I braced myself. "What?"

"Junho goes with you."

I groaned, pulling back. "Not another babysitter—"

"Not a babysitter." His hand slid to the back of my neck, pulling me back toward him. "A guardian. My brother. Someone I trust with my life, and with yours." His forehead dropped to mine, his breath warm on my lips. "He will be your shadow for the day. That is my compromise. Take it, or stay here with me."

The choice was an illusion, and we both knew it. But it was a choice that acknowledged my need, that gave me something while protecting what he couldn't bear to lose. I swallowed my frustration and nodded against his skin.

"Fine. But tell him not to breathe down my neck."

A faint, genuine smile touched his lips—the smile that was only for me, that softened the sharp edges of his face and made him look almost human. "I'll tell him to try."

He kissed me then, soft and brief, a seal on the deal. When he pulled back, his eyes were still dark with want, but there was something else there too. Something that looked almost like pride.

"Be home before dark," he said.

"Or what?"

"Or I'll come find you." His thumb traced my lower lip. "And I won't be subtle about it."

---

● The Chaperone

Junho was waiting in the grand foyer when I came downstairs, and he looked like he'd been waiting for approximately three seconds too long.

Dressed in black jeans and a simple grey button-down with the sleeves pushed up, he looked more like a lethally handsome model who'd wandered into the wrong profession than a bodyguard. His dark hair was artfully messy, his hands shoved in his pockets, his weight shifting from foot to foot with the restless energy of a golden retriever trapped indoors.

When he saw me, his face split into that bright, playful grin that was utterly at odds with his brother's usual intensity. "Ready for our playdate, noona?"

I shot him a withering look, adjusting the strap of my small bag. "Don't call it that. And don't hover."

He laughed, the sound echoing in the vaulted space, and fell into step beside me as we walked toward the car.

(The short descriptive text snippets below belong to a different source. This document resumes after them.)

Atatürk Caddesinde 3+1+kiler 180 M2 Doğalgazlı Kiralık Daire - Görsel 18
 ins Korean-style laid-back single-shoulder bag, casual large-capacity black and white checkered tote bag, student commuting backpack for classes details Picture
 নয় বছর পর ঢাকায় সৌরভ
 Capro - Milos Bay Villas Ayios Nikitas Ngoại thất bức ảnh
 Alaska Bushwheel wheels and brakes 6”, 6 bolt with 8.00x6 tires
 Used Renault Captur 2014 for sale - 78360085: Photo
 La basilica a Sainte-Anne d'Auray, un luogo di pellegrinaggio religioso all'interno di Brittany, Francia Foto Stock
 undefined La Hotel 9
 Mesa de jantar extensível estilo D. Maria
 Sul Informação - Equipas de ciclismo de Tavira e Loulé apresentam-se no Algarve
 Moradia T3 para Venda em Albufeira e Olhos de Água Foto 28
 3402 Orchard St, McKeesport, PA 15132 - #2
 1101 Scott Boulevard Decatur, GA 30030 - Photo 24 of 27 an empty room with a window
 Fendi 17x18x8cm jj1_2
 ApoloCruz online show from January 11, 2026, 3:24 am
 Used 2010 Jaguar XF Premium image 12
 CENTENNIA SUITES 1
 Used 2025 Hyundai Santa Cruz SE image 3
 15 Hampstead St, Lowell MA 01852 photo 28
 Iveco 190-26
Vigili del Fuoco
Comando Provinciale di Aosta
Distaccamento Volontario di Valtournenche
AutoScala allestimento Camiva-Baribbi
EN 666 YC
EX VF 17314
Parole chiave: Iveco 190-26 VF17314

His strides were long, but he adjusted to match my pace without seeming to notice. "Hyung's orders were very specific." He mimicked Taehyun's low, commanding tone perfectly, his voice dropping an octave. "'Don't let her out of your sight. Don't let anyone within five feet of her. If she so much as looks at another man too long, report back immediately.'" He paused, grinning. "And, my personal favorite: 'If she tries to lose you, pick her up and carry her back. I don't care how much she screams.'"

I rolled my eyes so hard I nearly tripped, sliding into the passenger seat of the sleek black car. "You're both dramatic."

"We're protective." He started the engine, the purr of it a familiar comfort. "There's a difference."

"What's the difference?"

"Protective is when you'd kill for someone." He pulled out of the gates with practiced ease, the mansion shrinking in the rearview mirror. "Dramatic is when you'd make a speech about it first. Hyung's always been dramatic."

I bit my lip, fighting a smile. "And you?"

He glanced at me, his grin softening into something more genuine. "I'm the fun one. Obviously."